In the last twelve years of the NBA, only six different teams have won championship titles. During those years, the starting guards for those teams have been Avery Johnson, Brain Shaw, Derek Fisher, Tony Parker, Chauncey Billups, Jason Williams, Rajan Rondo and Jason Kidd. Of those players, Jason Kidd is the only player with Hall of Fame credentials, Parker, Rondo and Billups have had multiple star appearances, but for the most part these championship players are not considered superstars. During the 1980s and 1990s, the NBA was dominated by star guards such as Magic Johnson, Isaiah Thomas and John Stockton, who cultivated the leadership role. However, teams began to focus on developing their teams through a star player and role players, so the need for a dominant guard was not justified.

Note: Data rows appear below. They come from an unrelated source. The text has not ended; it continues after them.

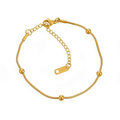 Ceyrah gold chain bracelet with round beads on white background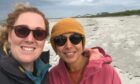Bethany Graves and Roma Banga wearing sunglasses on a windswept Tiree beach.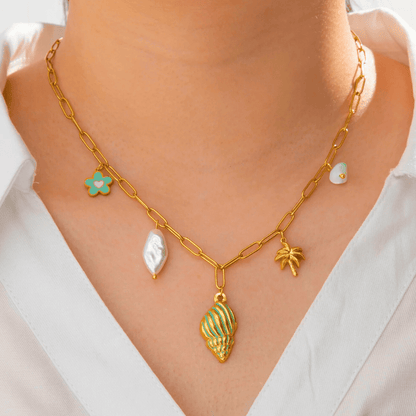 Gold chain necklace with shell and leaf pendants worn by a person in a white shirt.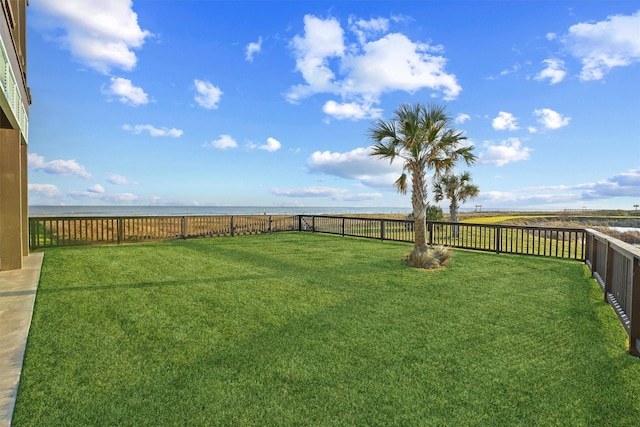 view of yard with a water view and fence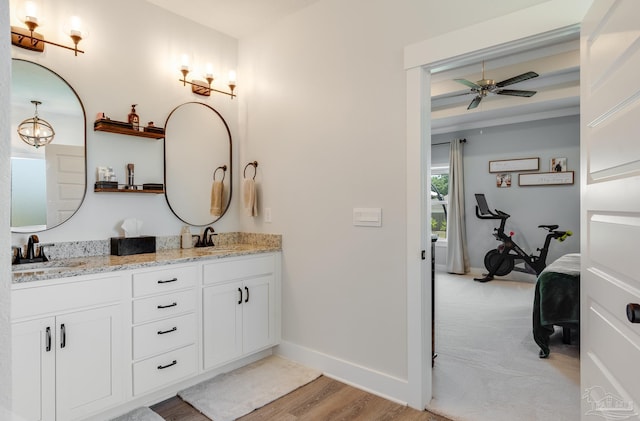 ensuite bathroom featuring baseboards, a sink, ceiling fan, and double vanity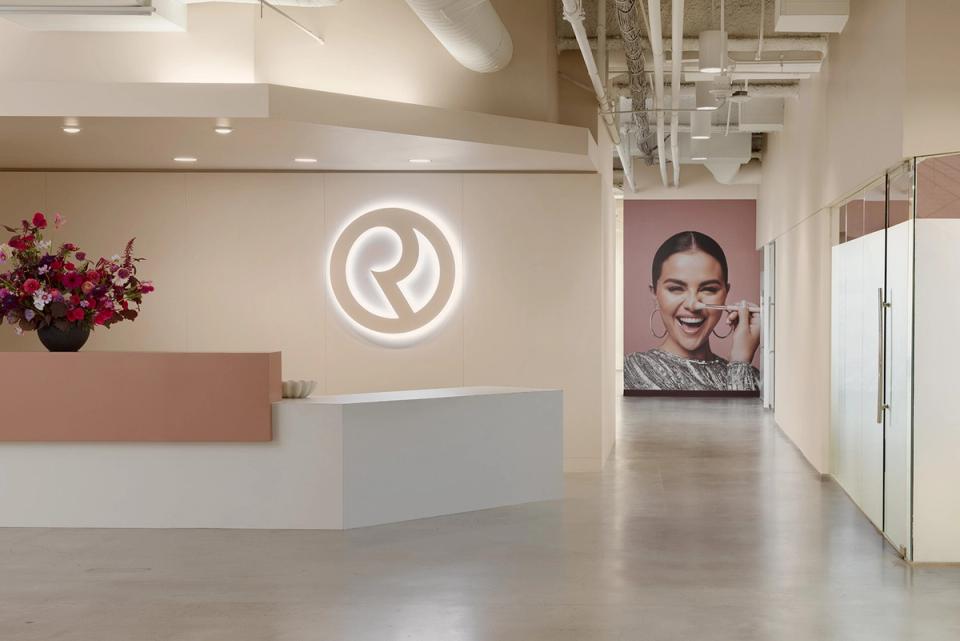 Contemporary reception area with neon logo, split-tone accent wall, and minimalist aesthetic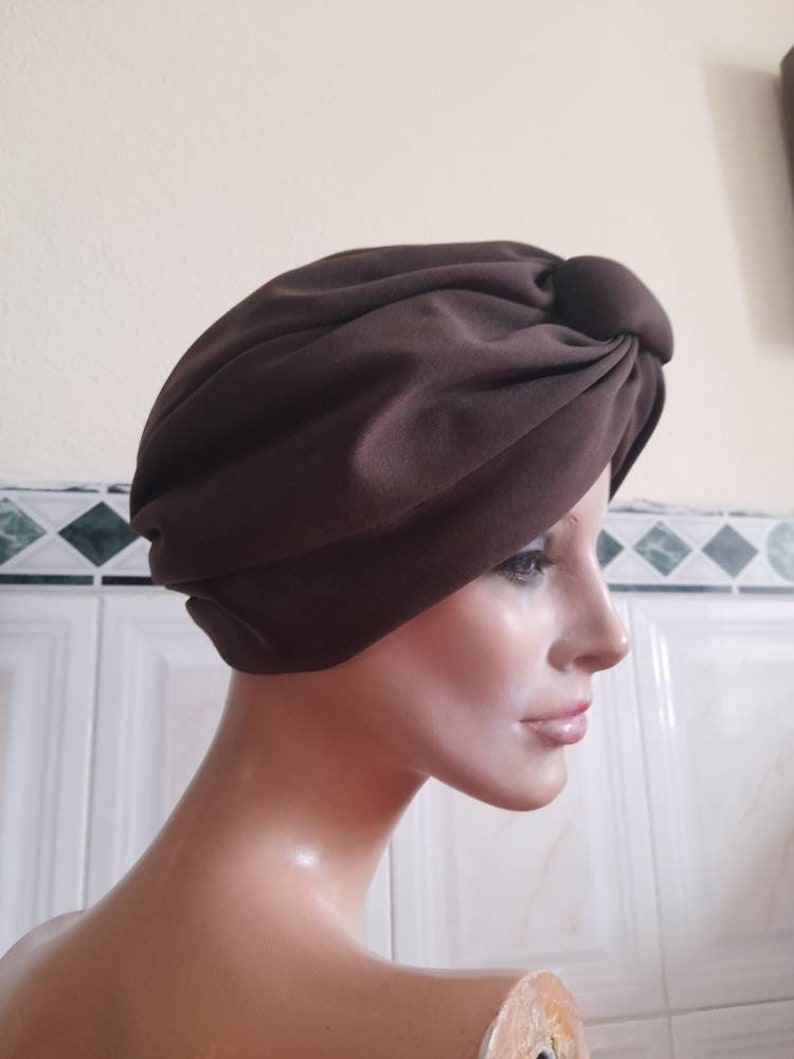 May include: A brown turban style hat with a knot on top. The hat is made of a soft, smooth fabric.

When comparing a system guard to a superstar guard, a good comparison would be Rajan Rondo and Chris Paul. Rajan Rondo has an overall career record of 273-111 as a starter in the NBA compared to Chris Paul’s record of 286-199 as a starter, on closer analysis Rondo has won 71% of his games compared to Paul winning only 59% of his matches. games. During his playoff careers, Paul has averaged 20 PPG, 10 APG, and 2 SPG compared to Rondo with an average of 14 PPG, 9 APG, and 2 SPG, yet Rondo has an NBA title on his resume, while that Paul’s playoff teams have never advanced beyond the second round. . Now again, most NBA fans and sports media would agree that Chris Paul is better than Rajan Rondo, but while Rondo has slightly lower numbers, he has a better overall resume than Paul.

In my opinion, the epitome of the system point guard is San Antonio Spurs point guard Tony Parker. Parker has a career starting record of 626-170, which is a winning percentage of 806. His other accolades include 3 NBA titles, 4 all-star picks and Finals MVP, but some analysts and NBA fans They believe that they would not thrive in another system because of their skill set. Once, compared to Chris Paul, Baron Davis, and Deron Williams, he said, “They may have the awards, but I prefer my rings.” Before last season, Parker was known to be an average jump shooter who only flourished on the pick and roll or on the fast break. Coincidentally, Parker has improved his game, but the question has always been: does he have the leadership qualities to lead an average team to the playoffs? Also, does he possess the ability to progress from a System Guard to a Star Guard? No one knows what the future holds for Tony Parker, but he has been a successful point guard in a good system surrounded by good players. The fact is that the system guards are considered fringe players.

So what has the point guard system concept taught us? Are they more valuable than star guards? Is Rajan Rondo better than Chris Paul? Is Tony Parker the best point guard of the decade? You’d have to disagree with all of those questions at this point, however, if history continues to repeat itself, Mario Chalmers will continue the trend of a long list of successful system guards.